Profª Maria de Lourdes Pereira Dias - UNIVERSIDADE FEDERAL DE SANTA CATARINA - CSE/CNM - Campus=niversitário - Trindade 88..040.900 - Florianópolis (SC) - B R A S I L Phone:(55- 0xx48) 3331-9483

CONSUMIR PRODUTOS DE ORIGEM ANIMAL CONTRIBUI PARA O AQUECIMENTO GLOBAL ALÉM DE MATAR PESSOAS DIRETAMENTE


A União Vegetariana da América do Norte (VUNA), a União Vegetariana Latino-americana (UVLA) e a Sociedade Vegetariana Brasileira (SVB) desafiam Al Gore e os ativistas contra o aquecimento global a reconhecer uma verdade bem inconveniente

As organizações vegetarianas, rede de grupos vegetarianos independentes, desafiam os ambientalistas e ativistas contra o aquecimento global a admitir que comer carne é uma das principais causas do aquecimento global. Ao se alimentar de uma categoria mais básica da cadeia alimentar a humanidade pode dar um passo enorme e essencial para reduzir o aquecimento global.

"Al Gore e os ativistas a favor do clima deixam sempre de admitir uma das verdades mais inconvenientes de nossos tempos: a pecuária e o consumo de produtos de origem animal em escala global talvez seja hoje a maior causa (antropogênica) do aquecimento global", diz Saurabh Dalal, presidente da VUNA. "Se tivessem de escolher entre salvar o planeta e consumir produtos de origem animal, muitas pessoas supostamente bem informadas continuariam a devorar as suas asas de frango e seus hambúrgueres."

"Além do impacto causado sobre a atmosfera, criar gado é uma forma muito ineficiente de utilização dos recursos, sendo uma das principais responsáveis pela derrubada das florestas, como ocorre hoje na Amazônia. Grande parte das terras do mundo é destinada a pastagens. A indústria da carne é uma das principais consumidoras e contaminadoras da água doce do Planeta, um recurso cada vez mais escasso. Os dejetos produzidos pelos animais criados em sistema de confinamento causam graves problemas ambientais. Para alimentar todos estes animais criados artificialmente são necessários – além de espaço, enorme quantidade de grãos e cereais que poderiam ser dados diretamente para os seres humanos. Num mundo onde a fome é uma realidade, o comer carne torna-se eticamente inaceitável", afirma Marly Winckler, presidente da SVB e coordenadora para a América Latina e o Caribe da União Vegetariana Internacional (IVU).
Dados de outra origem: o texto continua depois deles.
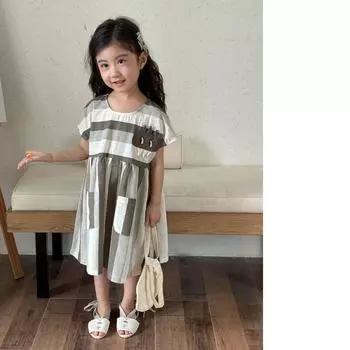 Детская летняя одежда повседневная девушка милое мультяшное платье повседневное 150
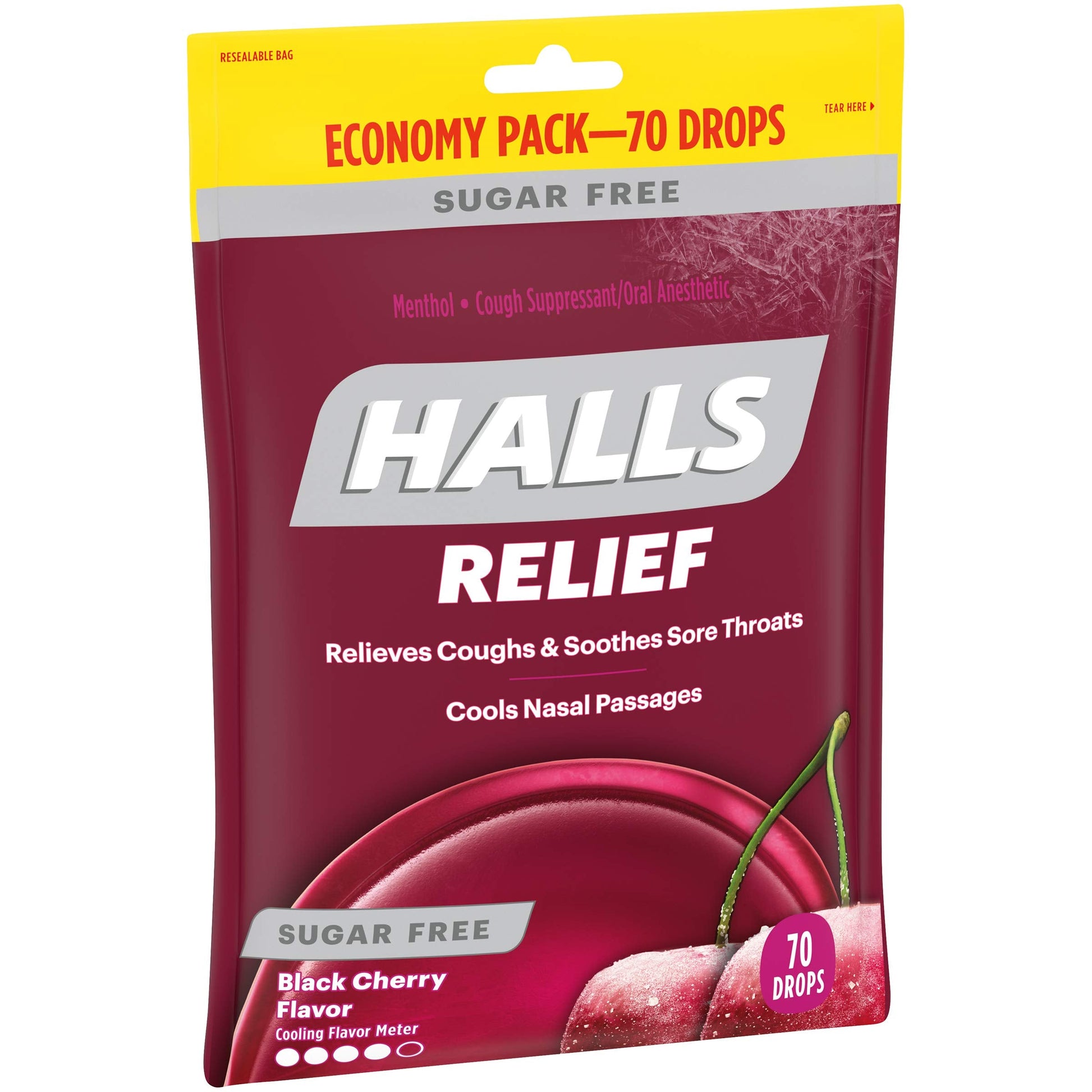 Back label of HALLS sugar free black cherry cough suppressant showing drug facts and menthol content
O relatório de 2006 da Organização de Agricultura e Alimentação das Nações Unidas (FAO) chamado A grande sombra da pecuária (Livestock's Long Shadow, em www.fao.org/newsroom/en/news/2006/1000448) concluiu que a pecuária global contribui com mais gases que causam o efeito estufa do que todas as formas de transporte: assustadores 18% da emissão total (em equivalentes de CO2).

A produção de carne e outros produtos de origem animal para alimentação contribuem significativamente com a emissão dos principais gases que vêm causando o aquecimento global, respectivamente 9%, 37% e 65% da emissão total mundial de dióxido de carbono, metano e óxido nitroso. Além disso, o potencial de aquecimento global e os efeitos desses gases são mais marcantes, dado que o metano e o óxido nitroso são 23 e 296 vezes mais prejudiciais que o dióxido de carbono. Um estudo da Universidade de Chicago verificou que a dieta americana média, incluindo todas as etapas do processamento dos alimentos, produz anualmente 1,5 toneladas de equivalentes de CO2 a mais do que a dieta sem carne.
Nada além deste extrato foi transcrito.